10. The shared controller is an uninteresting part of the design space. Clearly there is a full spectrum of telephone system configurations, from single line Etherphones all the way to centralized PABXs. The shared controller lies in the middle of the space, with the problems of both ends and some of the advantages of each. The small simple distributed Etherphone is more appealing.
11. It will be a lot easier to experiment and play around with somewhat overpowered single line Etherphones than with a highly tuned, shared program.
Discussion
Given that we choose one approach to start, nothing prevents us from either changing our minds later or even mixing single line and shared controllers in the same system. (The POTS server is essentially this.) The single line Etherphone we can start now, we would have to use Dolphins (probably) to start the shared machine now.
We will be done sooner and at work on the bigger part of the project (applications) if we do the single line Etherphone. The hardware is the least important part of the thing anyway. The economics are close enough that we stand a good chance of being wrong whatever we decide.
WORKSTATION AUDIO HARDWARE
One obvious way to avoid the expensive separate Etherphone is to place audio hardware in our workstations. This approach is probably fine for annotation of documents, but our workstations are not designed for 100% availability (You can’t get calls while you are in the debugger.) and they are not designed for real-time performance (Your call to your friend breaks up because the collector starts running.) Basically, if we want to use the system while a special program is running then workstation audio hardware is fine, but we can’t build a telephone system that way -- it has to work all the time.

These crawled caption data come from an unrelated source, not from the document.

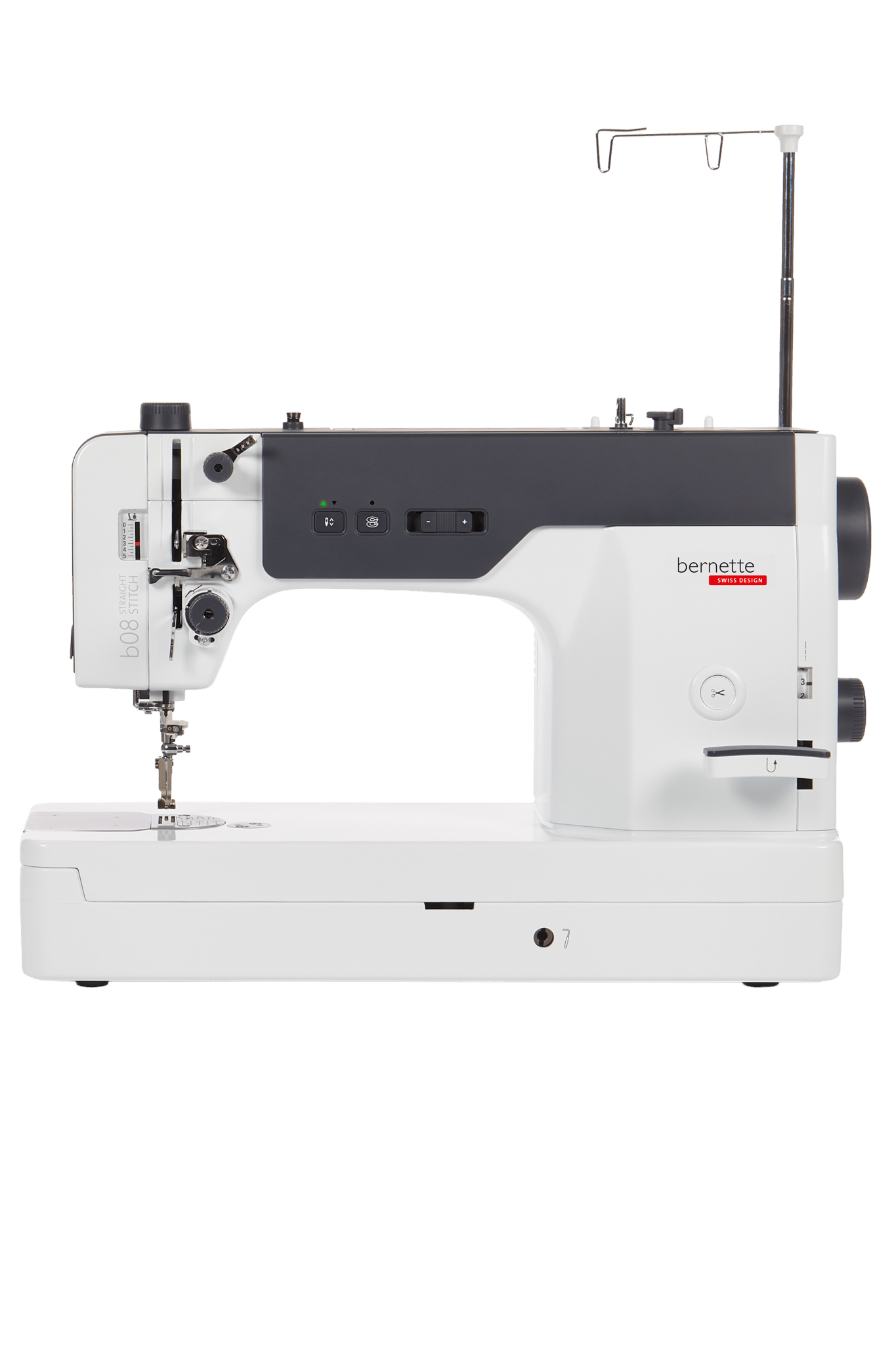 bernette b08 Straight Stitch high-speed sewing machine isolated in front view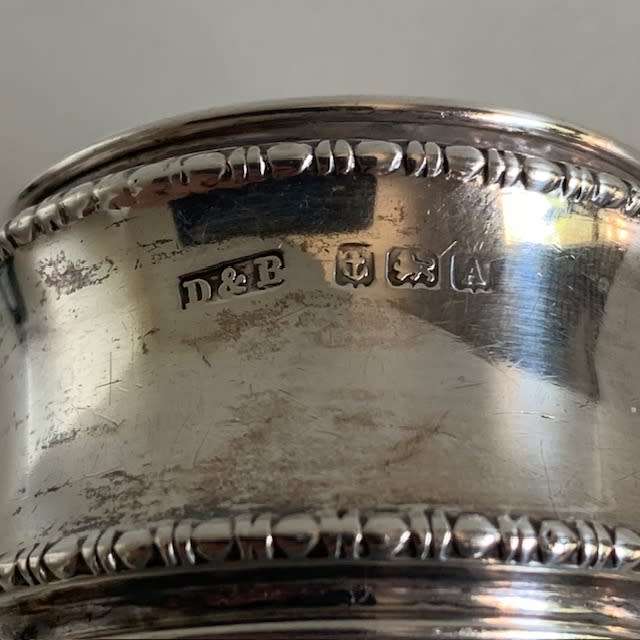 Hallmarked silver Serviette ring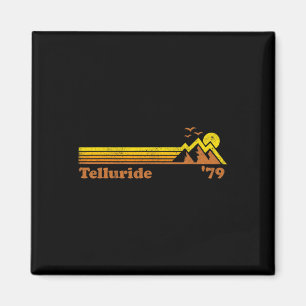 Aimant Station de ski Retro Telluride Colorado Snowboard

STANDARD MICROCOMPUTER BASED ETHERPHONES
One way to avoid building a microprocessor system from scratch is to construct stand alone Etherphones out of commercial 16 bit microcomputers. At the present time, both the processor and Ethernet would be full boards, the audio hardware would be a few extra chips, and a fairly bulky power supply and cabinet would be needed. This approach is interesting because we would use a standard single board computer that someone else has debugged but has the disadvantage that any such computer would be more general purpose than we need.
Requirement for ethernet communications very nearly requires the use of the Stanford (SUN terminal) multibus ethernet controller. There are other possibilities, the Intel chip (1982 at the earliest), the VLSI systems area (many months at least), the Intel board level product ($4000), and the SLC.
There are 8086 multibus single board computers and Z8000 SBC available now for around $1000. The Stanford 68000 board will probably be available in several months. The 68000 systems are likely to be at least $2000. Given the performance capabilities of these machines (don’t forget the NSC16000 and TI9900), there is no particular reason to choose one over another.
The 8086 has always seemed more popular around Xerox, probably because it was available first. There are several projects around which use it. There is a C compiler and there is an assembler. Webster intends to build ethernet printers using the Stanford multibus ethernet controller and an 8086 SBC.
The Z8000 probably has a C compiler available for Unix, but we don’t know for sure.
The 68000 has a Unix based C compiler and there is a C pup-package for it at Stanford. The 68000 board at Stanford is great overkill for us. It includes virtual memory.
No matter what we do, we would need encryption and audio hardware for such a system. We will need it anyway for the eventual Etherphone of course, but that will be a fully integrated design probably with no bus, while this device would need to speak multibus protocol (probably). One disadvantage of microcomputer audio compared with the Alto is that since there is no micro-machine multiplexing (TASK) going on, the microcomputer audio interface would need to be buffered.
The best approach looks like a multibus based system using the Stanford ethernet controller and either an 8086 or a 68000, but either way, it looks like >$3000 per box.